Intramyocellular lipid content (IMCL) is elevated in insulin-resistant humans, but its changes over time and relationships with comorbidities remain unclear. We examined IMCL during the initial course of diabetes and its associations with complications. Participants of the German Diabetes Study (GDS) with recent-onset type 1 (n=132) or type 2 diabetes (n=139) and glucose-tolerant controls (n=128) underwent 1H-magnetic resonance spectroscopy to measure IMCL and muscle volume, whole-body insulin sensitivity (hyperinsulinemic-euglycemic clamps; M-value) and cycling spiroergometry (VO2max). Subgroups underwent the same measurements after 5 years. At baseline, IMCL was ~30% higher in type 2 diabetes than in other groups independently of age, sex, BMI and muscle volume. In type 2 diabetes, M-value was ~36% and ~62% lower compared to type 1 diabetes and controls, respectively. After 5 years, M-value decreased by ~29% in type 1 and ~13% in type 2 diabetes, whereas IMCL remained unchanged. The correlation of IMCL and M-value in type 2 diabetes at baseline was modulated by VO2max. IMCL also associated with microalbuminuria, Framingham risk score for cardiovascular disease and cardiac autonomic neuropathy.
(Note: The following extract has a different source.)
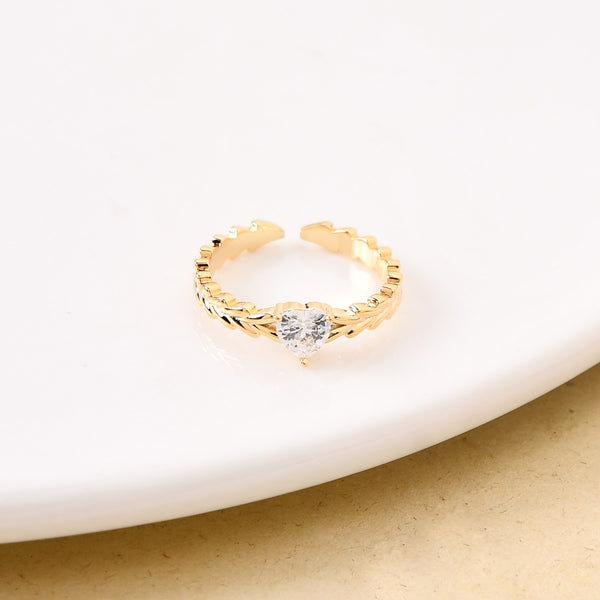 Heart Solitaire Leafline Gold Ring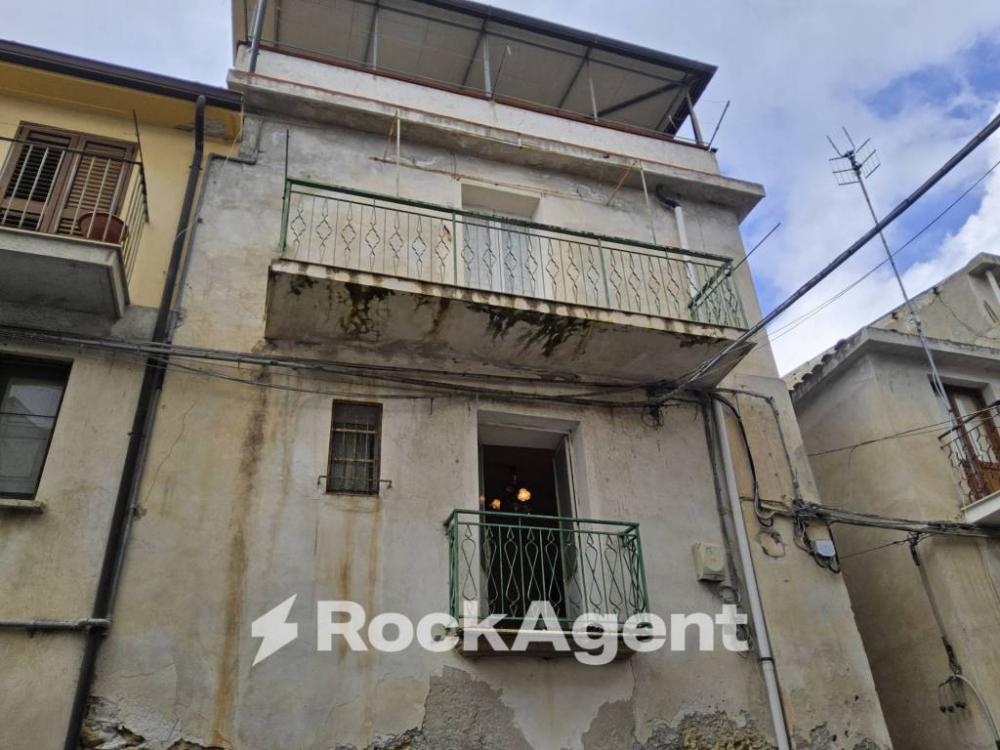 casa indipendente in vendita a Gioiosa Ionica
Changes in IMCL within 5 years after diagnosis do not mirror progression of insulin resistance in type 2 diabetes but associate with early diabetes-related complications.

Funding

The research of M.R. is supported in part by grants from the German Federal Ministry of Health (BMG), the Ministry of Culture and Science of the State Northrhine Westphalia (MKW NRW) to the German Diabetes Center (DDZ) and the German Federal Ministry of Education and Research (BMBF) to German Center for Diabetes Research (DZD e. V.) as well as by grants from the European Community (HORIZON-HLTH-2022-STAYHLTH-02-01: Panel A) to the INTERCEPT-T2D consortium, EUREKA Eurostars-2 (E! 113230 DIA-PEP), German Science Foundation (DFG; CRC/SFB 1116/2 B12; RTG/GRK 2576 vivid, Project 3), Schmutzler Stiftung and the programme "Profilbildung 2020", an initiative of the Ministry of Culture and Science of the State of Northrhine Westphalia. The sole responsibility for the content of this publication lies with the authors.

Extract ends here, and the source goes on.